Soaring financing rates, elevated construction costs and an onslaught of environmental legislation herald a profound realignment of European residential investment valuations as a ‘decarbonisation tipping point’ approaches, Catella’s European Residential Vision 2023 research white paper The Epsilon – Great Transformation of Real Estate Markets concludes.
Xavier Jongen, Managing Director, Catella Residential Investment Management, said: “We believe the real estate realignment is underway as markets start to understand that the valuation gap will continue to widen between assets with a ‘brown discount,’ which are not sustainable in their current composition, and those with ‘green premiums,’ or the highest decarbonisation and increasingly societal well-being credentials. In this new paradigm, the European residential transaction market will not revert to a cyclical form, but become more a transformational ‘curve,’ dividing into a Greek letter Epsilon shape [E/ε].“
The economic productivity of the past 200 years, based on a high Energy Return on Investment (EROI) from excavating cheap and efficient fossil fuels, will decline because we are not making the necessary investments in renewables, Jongen added. GDP growth, one of the main drivers of property markets, will contract accordingly, as the economy will need to be embedded back into ecology.
For European residential markets, the journey to this ‘Great Transformation’ starts, with the recent period of ultra-loose monetary policy having pushed both square metre valuations and, as a knock-on effect, free market rents to record highs. Housing affordability and the rise in household numbers struggling to get by on their monthly incomes are at the top of the agenda for politicians and the residential industry itself across Europe.
Decarbonising existing European housing assets, an asset class bigger by value than total equities, fixed income and other financial markets combined, is a huge new business opportunity for energy consultants and construction companies, estimated at between €25,000 – €40,000 per dwelling. Decarbonising from an investment management perspective, when coupled with value creation, means taking development, redevelopment, repurposing and densification risks. This presents great opportunities since the downside risk is limited due to strong housing market fundamentals.

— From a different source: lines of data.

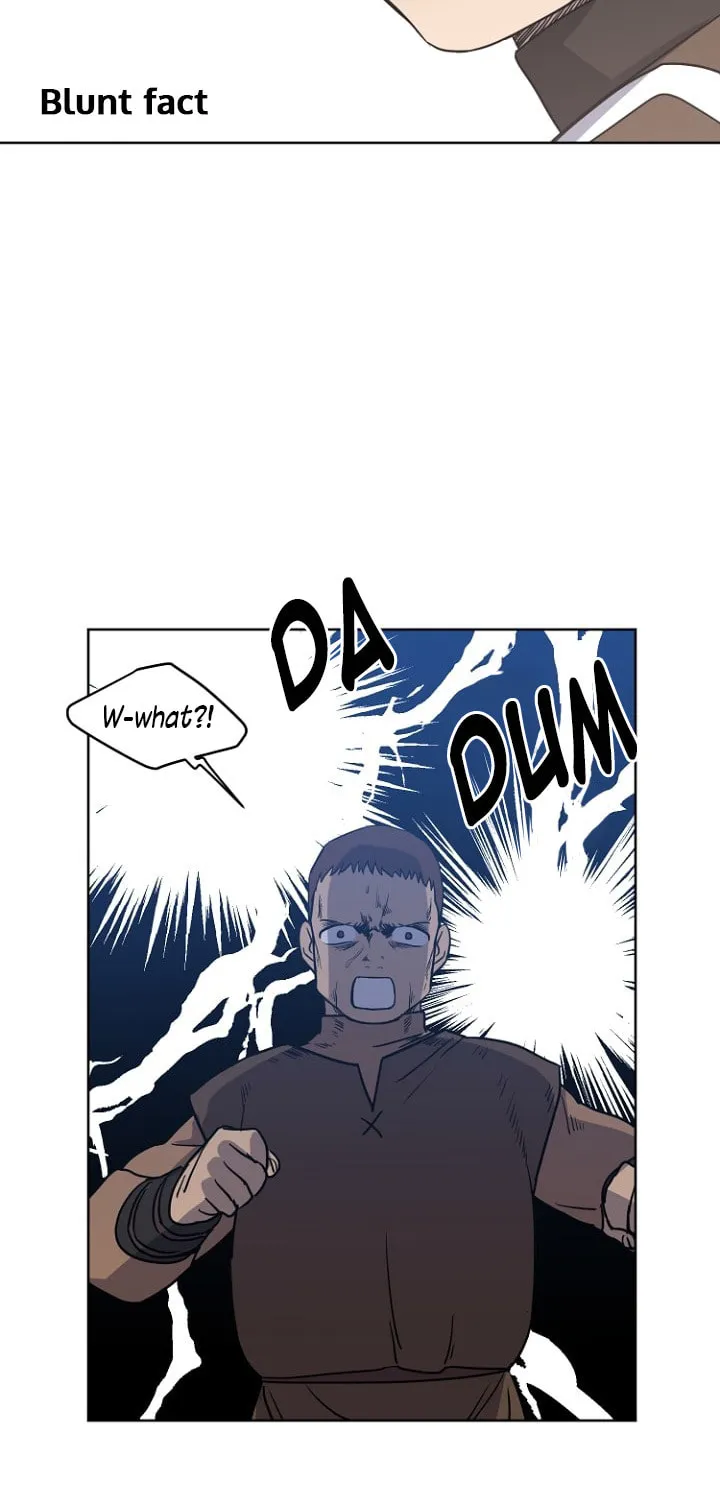 Read Chitra chapter 34 image 34 on Lezhin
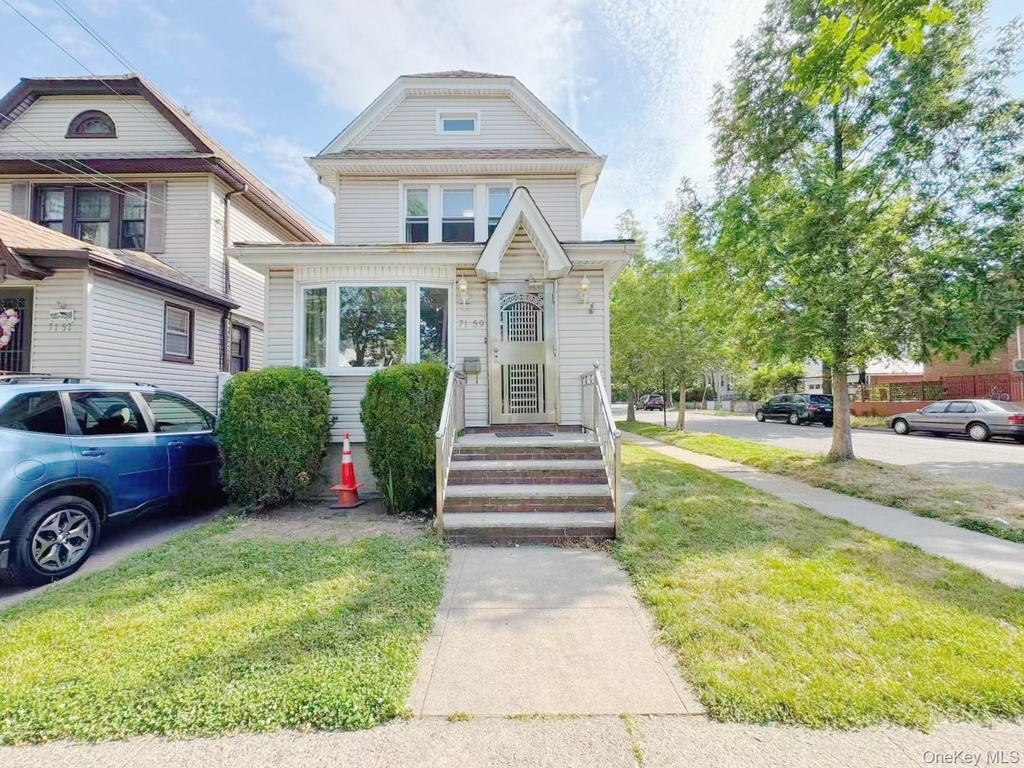 7159 Kessel Street - Photo 1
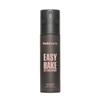 H.U.D.A - Easy Bake Blurring Setting Spray with 16-Hour Wear - Size: (3.38 oz / 100 ml) view 1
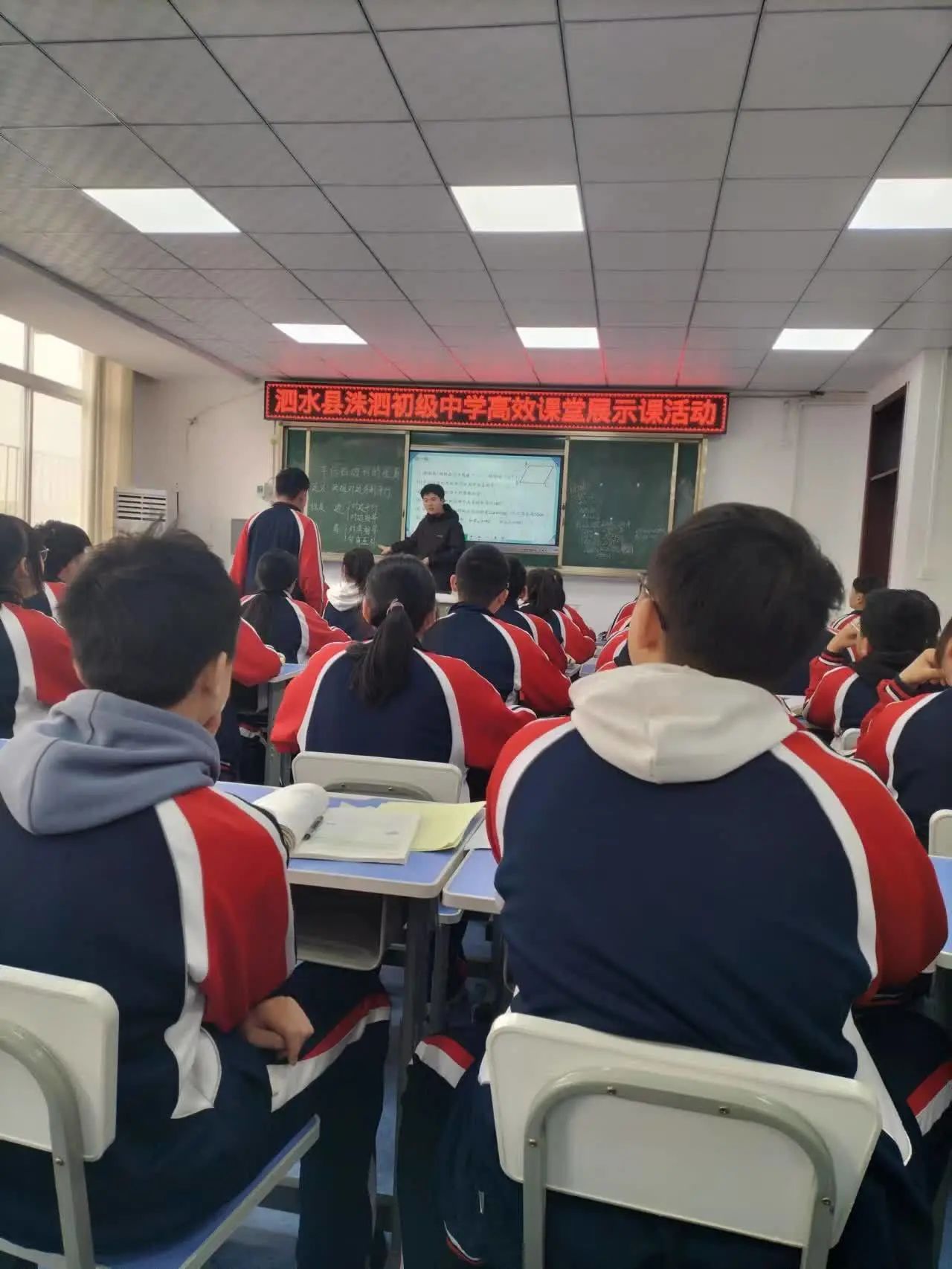 真学真信真思真悟真知真行,真学真懂真信真用心得体会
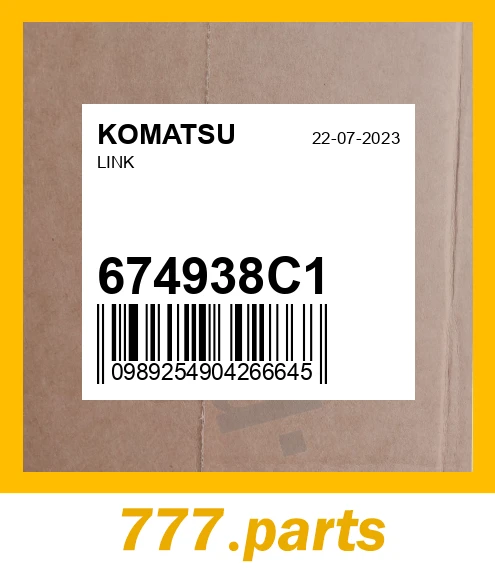 674938c1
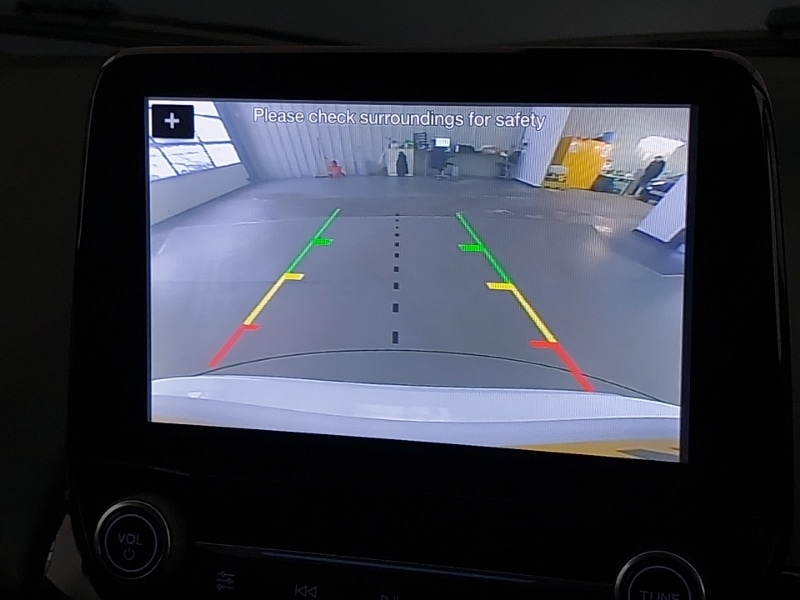 Used Ford Ecosport 2019 for sale - 77999394: Photo 11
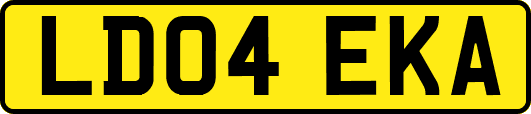 LD04EKA
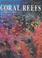 Cover of: Wonders of the Coral Reefs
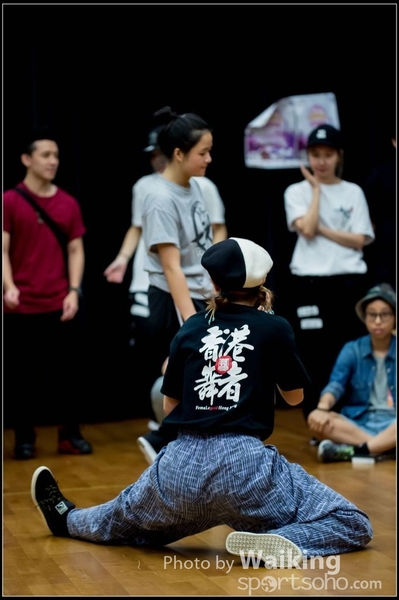 2015-10-24 Street Dance 0545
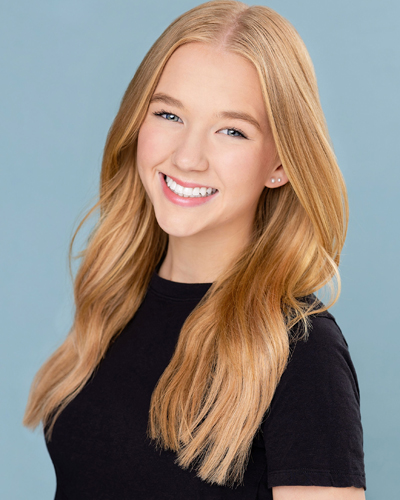 Micah Domen Micah Domen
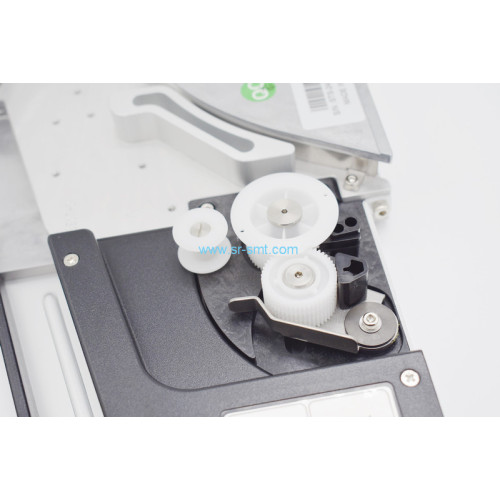 SAMSUNG SME 24mm Feeder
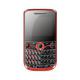 Konka W512 Plus, #1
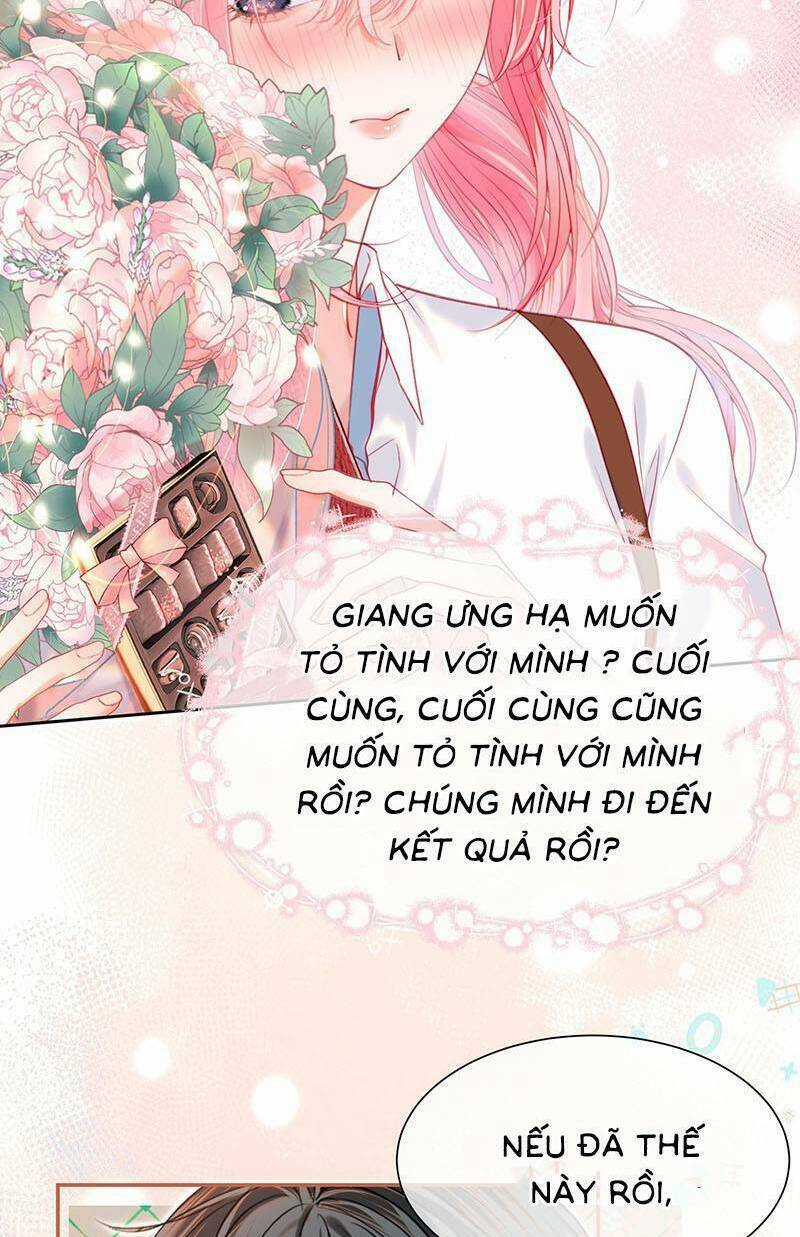 Xuyên Về Thời Học Sinh Truy Lão Công Chapter 64 trang 13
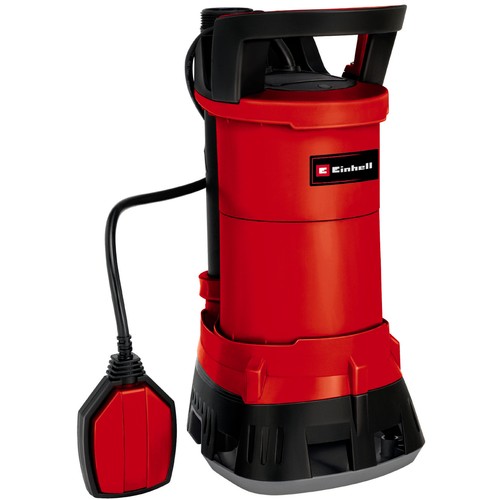 Einhell schmutzwasserpumpe - einhell,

Jongen concluded: “The trap will be that we do not see the Great Transformation as we analyse the piling up of crises through the lens of the known cyclical nature of the previous world order and wait to circle back in mean reversion. Long-term winners in this ‘Epsilon forking’ of the brown and green climate, and ultimately societal, pathways will be those investors and companies able to capture the emerging green premium, which also doesn’t have a generally accepted valuation tag – at least not yet.”